§ **ABOUT THIS EXERCISE**:
Write the lines out again, from the top of the material to the line containing "2016 Ford Fusion SE - Photo #15", pictures excluded.

*** Block opens ***

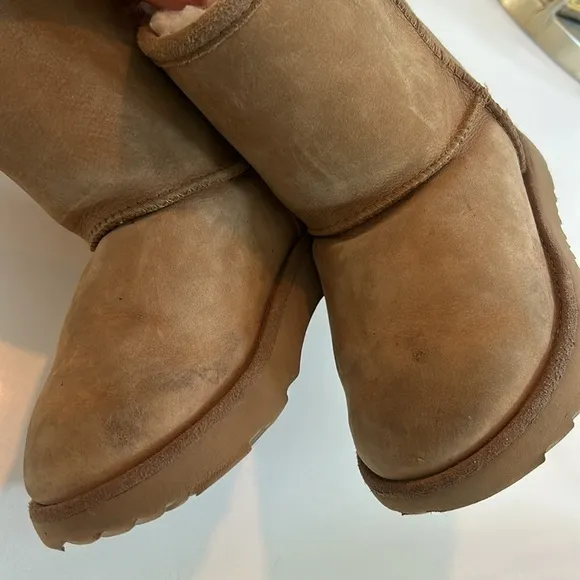 UGG Toddler Classic Short Water Resistant Shearling Boot Chestnut Brown 10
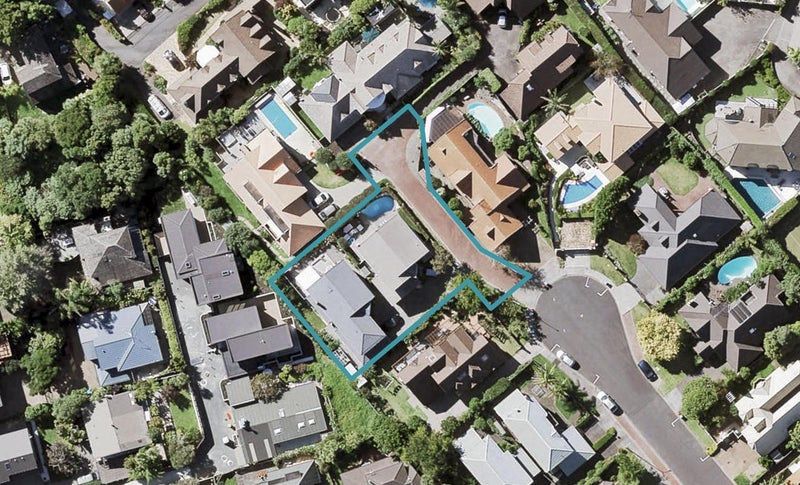 12A Elizabethan Gardens, St Heliers, Auckland - Carousel 1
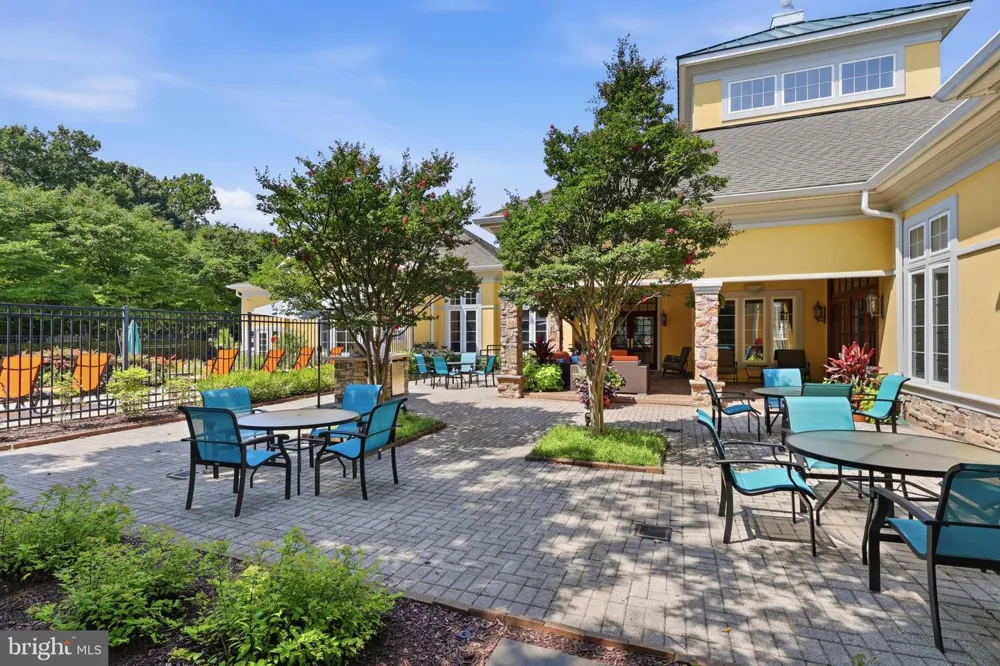 43342 FARRINGDON SQUARE Ashburn, VA 20148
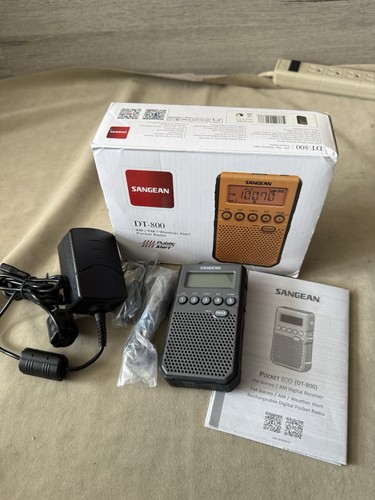 Radio tascabile ricaricabile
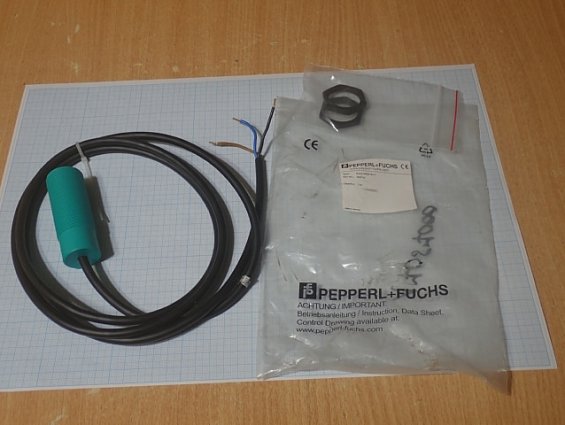 Индуктивный датчик PEPPERL+FUCHS NJ10-30GK-E2-T 10-30VDC 200mA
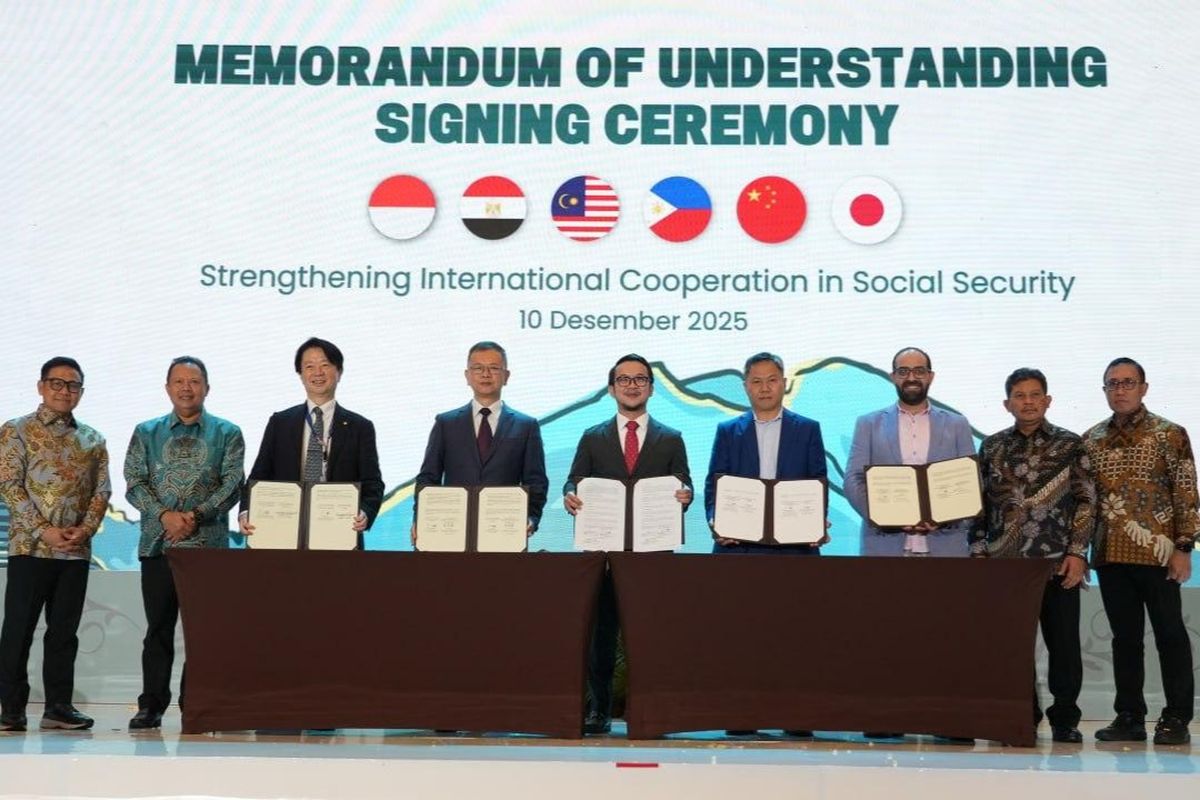 Sesi penandatanganan nota kesepahaman (MoU) dengan enam negara mitra dalam The First Indonesian Healthcare Anti Fraud Forum (INAHAFF) Conference 2025. 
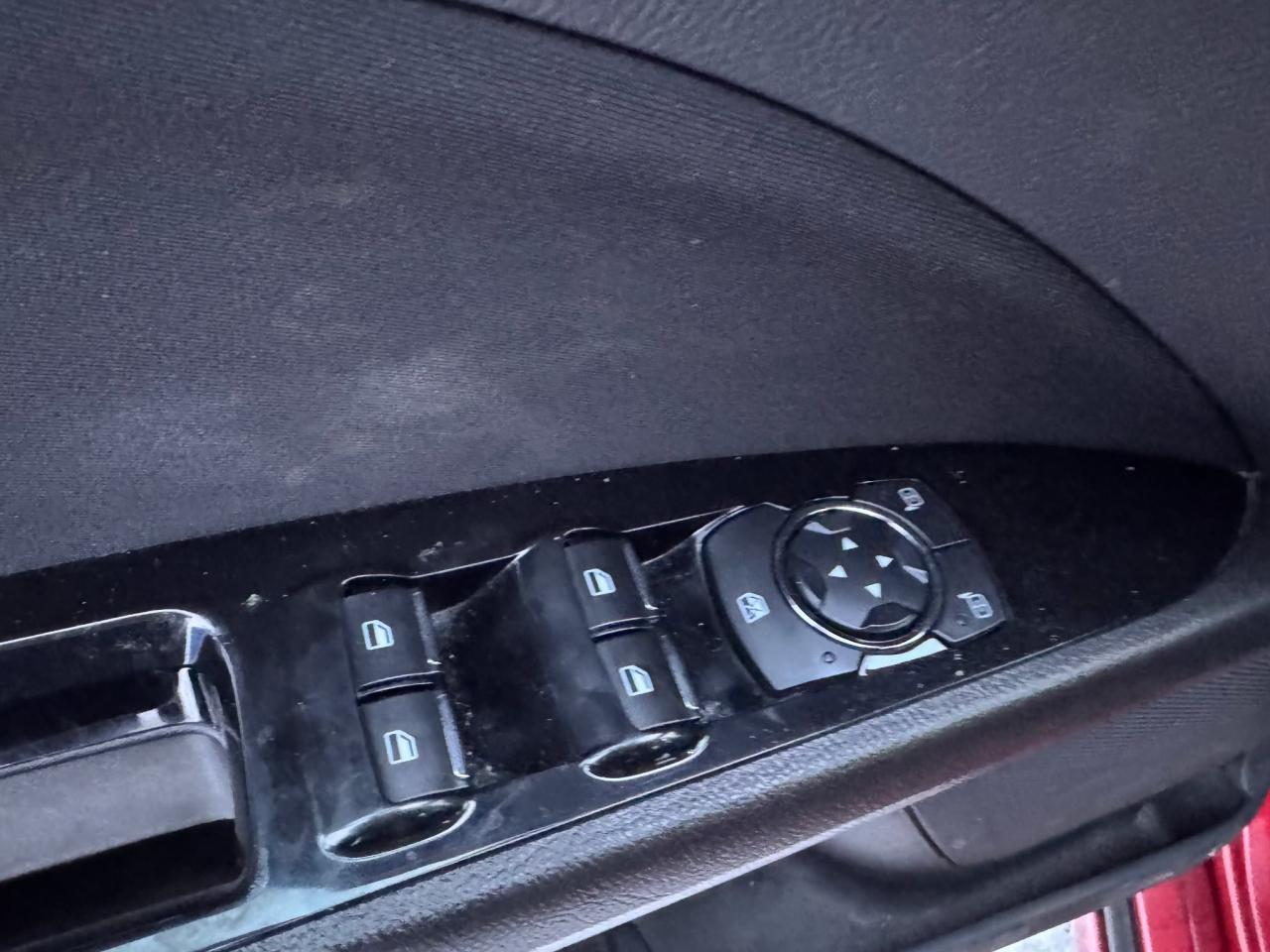 2016 Ford Fusion SE - Photo #15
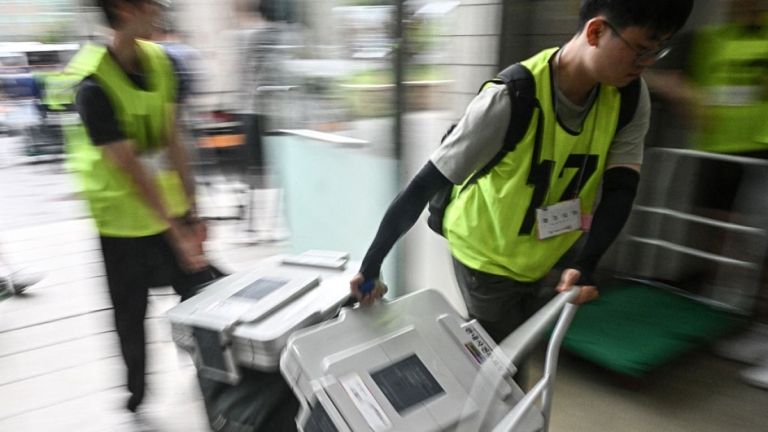 疑官員竄改投票率數據 韓檢警突搜選管會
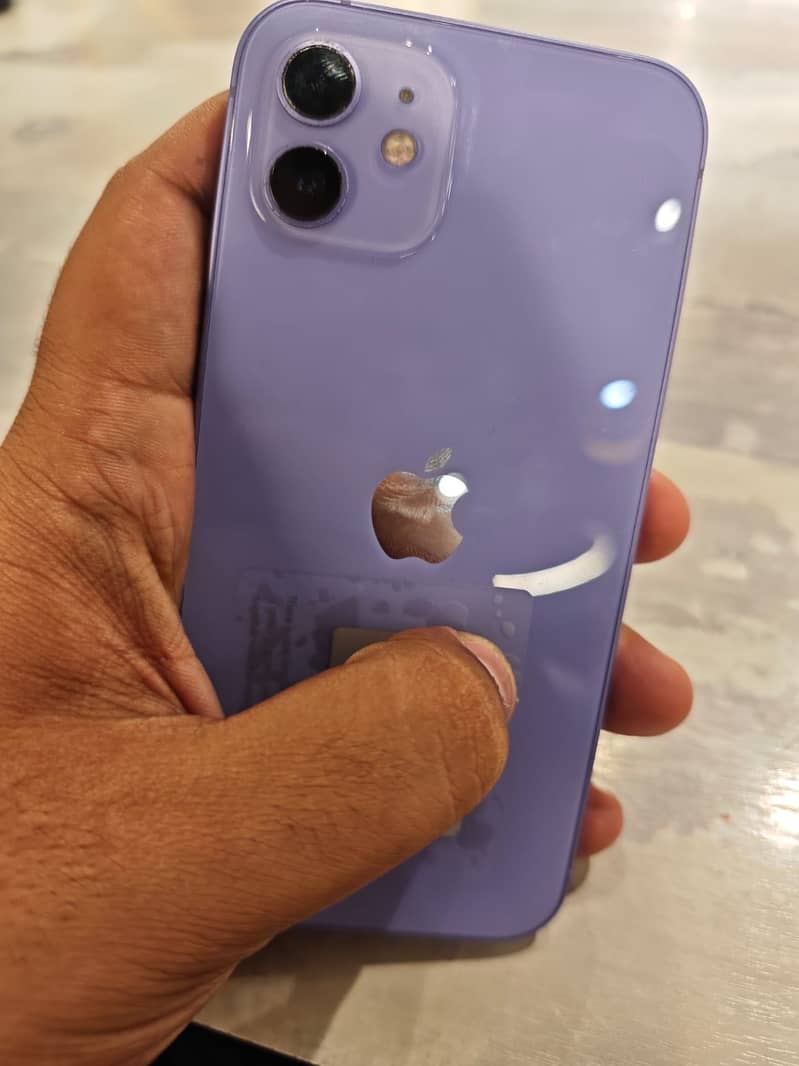 iPhone 12 2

*** Block closes ***

§ **YOUR RESPONSE**:
 UGG Toddler Classic Short Water Resistant Shearling Boot Chestnut Brown 10
 12A Elizabethan Gardens, St Heliers, Auckland - Carousel 1
 43342 FARRINGDON SQUARE Ashburn, VA 20148
 Radio tascabile ricaricabile
 Индуктивный датчик PEPPERL+FUCHS NJ10-30GK-E2-T 10-30VDC 200mA
 Sesi penandatanganan nota kesepahaman (MoU) dengan enam negara mitra dalam The First Indonesian Healthcare Anti Fraud Forum (INAHAFF) Conference 2025. 
 2016 Ford Fusion SE - Photo #15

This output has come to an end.